Ludtke didn’t work directly on the MCAS, but he worked with those who did. He said that if the group had built the MCAS in a way that would depend on two sensors, and would shut the system off if one fails, he thinks the company would have needed to install an alert in the cockpit to make the pilots aware that the safety system was off.
And if that happens, Ludtke said, the pilots would potentially need training on the new alert and the underlying system. That could mean simulator time, which was off the table.
“The decision path they made with MCAS is probably the wrong one,” Ludtke said. “It shows how the airplane is a bridge too far.”
Boeing said Tuesday that the company’s internal analysis determined that relying on a single source of data was acceptable and in line with industry standards because pilots would have the ability to counteract an erroneous input.
In addition to the imminent software fix for the MCAS, people familiar with Boeing’s plans said the company now intends to make standard two features that previously were optional add-ons at extra cost.
The MAX cockpit will now include a warning light that will illuminate when the two angle-of-attack sensors disagree. And airlines can opt to add, free of charge, angle-of-attack data to the primary flight display.
The company has also started holding information sessions with airlines and regulators about the proposed software fix.
Even before the MCAS system activated during the 737 MAX crash of Lion Air Flight 610 last October, the flight’s data showed signs of a problem.
While the pilots didn’t know it, the plane’s two angle-of-attack sensors were recording substantial disagreements even before takeoff. Once the plane left the ground, the pilots immediately got warnings about the airspeed and the risk of a stall.
The pilots managed to ascend because the MCAS system isn’t designed to operate until pilots retract the flaps used on takeoff. It also doesn’t operate in autopilot mode.
Once the Lion Air pilots retracted the flaps at an altitude of 5,000 feet, however, the MCAS interpreted the erroneous angle-of-attack information and automatically swiveled the airplane’s horizontal tail so as to push the jet’s nose sharply down.
Although the pilot countered the horizontal tail movement and brought the nose back up, the faulty signal continued, so the MCAS pushed it back down again repeatedly during a mortifying 12-minute roller-coaster ride. The pilot lost control and the plane plunged into the sea, killing 189 people.
After the crash this month of another 737 MAX, Ethiopian Airlines Flight 302, initial reports suggest that its shorter flight trajectory was similar. And a part found in the wreckage, the jackscrew, shows that on impact, the horizontal tail was swiveled so as to point the nose sharply down. These clues mean the MCAS is suspected in that tragedy also.
Matt Menza, a former Boeing pilot who worked on the MAX, said that during flight testing of planes ready for delivery, he wasn’t aware of any events that indicated a problem with the stall warning or the MCAS system. But he said an ideal system would have been built on two angle-of-attack probes, so that a single bad value wouldn’t cause problems.
Menza and two other pilots who have worked on the MAX said they were unaware that the system used only one AOA probe.

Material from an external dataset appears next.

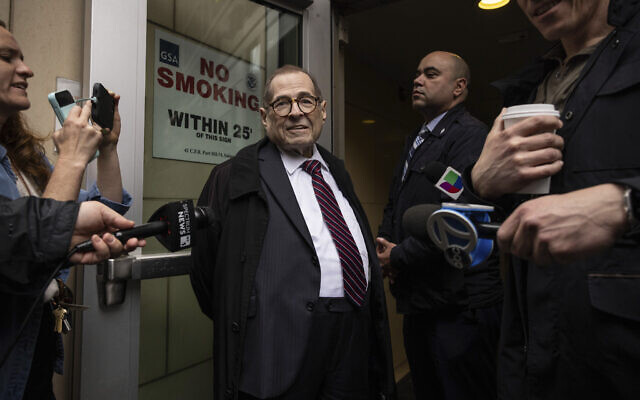 US Representative Jerry Nadler, a New York Democrat, speaks to members of media outside Greater New York Federal Building in New York, on May 28, 2025. (Yuki Iwamura/AP)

Still, Menza pointed out that handling uncommanded inputs from the MCAS would be the same as past procedures for any similar problems, with pilots able to easily flip cutout switches to regain manual control.
“A properly trained pilot should be able to solve an MCAS anomaly or any uncommanded flight-control input through procedures that are taught to all 737 pilots,” said Menza, noting that the emergency information Boeing distributed in December reiterated those procedures.
Boeing has contended since the Lion Air crash that the pilots, even though they’d been told nothing about the MCAS, should still have realized that the nose was turning down because of uncommanded movement of the horizontal tail. A large wheel beside the pilot is connected to the tail and would have spun each time the horizontal tail moved.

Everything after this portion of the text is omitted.